1.1.3.Understanding the data ecosystem - sj50179/Google-Data-Analytics-Professional-Certificate GitHub Wiki

What is the data ecosystem?

To put it simply, an ecosystem is a group of elements that interact with one another.

Data ecosystems are made up of various elements that interact with one another in order to produce, manage, store, organize, analyze, and share data.

Data can also be found in something called the cloud. The cloud is a place to keep data online, rather than on a computer hard drive.

For example,

  • you could tap into your retail store's database, which is an ecosystem filled with customer names, addresses, previous purchases, and customer reviews. As a data analyst, you could use this information to predict what these customers will buy in the future, and make sure the store has the products and stock when they're needed.
  • let's think about a data ecosystem used by a human resources department. This ecosystem would include information like postings from job websites, stats on the current labor market, employment rates, and social media data on prospective employees. A data analyst could use this information to help their team recruit new workers and improve employee engagement and retention rates.
  • Agricultural companies regularly use data ecosystems that include information including geological patterns in weather movements. Data analysts can use this data to help farmers predict crop yields.
  • Some data analysts are even using data ecosystems to save real environmental ecosystems. At the Scripps Institution of Oceanography, coral reefs all over the world are monitored digitally, so they can see how organisms change over time, track their growth, and measure any increases or declines in individual colonies.

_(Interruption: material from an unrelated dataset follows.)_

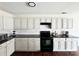 Well-lit kitchen featuring white cabinets, black appliances, and tile backsplash for modern charm at 269 Loch Stone St, Fort Mill, SC 29715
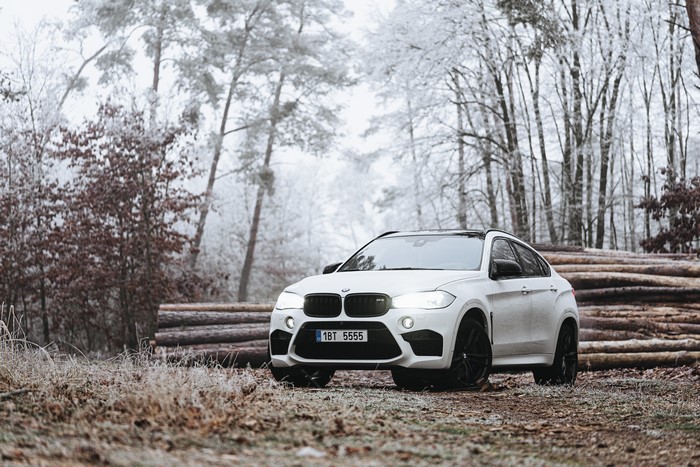 White BMW X6M in a Winter Forest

Q. In data analytics, what is the term for elements that interact with one another in order to produce, manage, store, organize, analyze, and share data? (reminder: be sure to scroll down to see all options!)

A. Data ecosystems

  • Elements that interact with one another in order to produce, manage, store, organize, analyze, and share data are data ecosystems. These elements include hardware and software tools, as well as the people who use them.

Difference between data scientists and data analysts

  • Data science is defined as creating new ways of modeling and understanding the unknown by using raw data.
  • Data scientists create new questions using data, while analysts find answers to existing questions by creating insights from data sources.
  • Data analysis is the collection, transformation, and organization of data in order to draw conclusions, make predictions, and drive informed decision-making.
  • Data analytics in the simplest terms is the science of data.

When you think about data, data analysis and the data ecosystem, it's important to understand that all of these things fit under the data analytics umbrella.

How data informs better decisions

One of the most powerful ways you can put data to work is with data-driven decision-making.

Data-driven decision-making is defined as using facts to guide business strategy.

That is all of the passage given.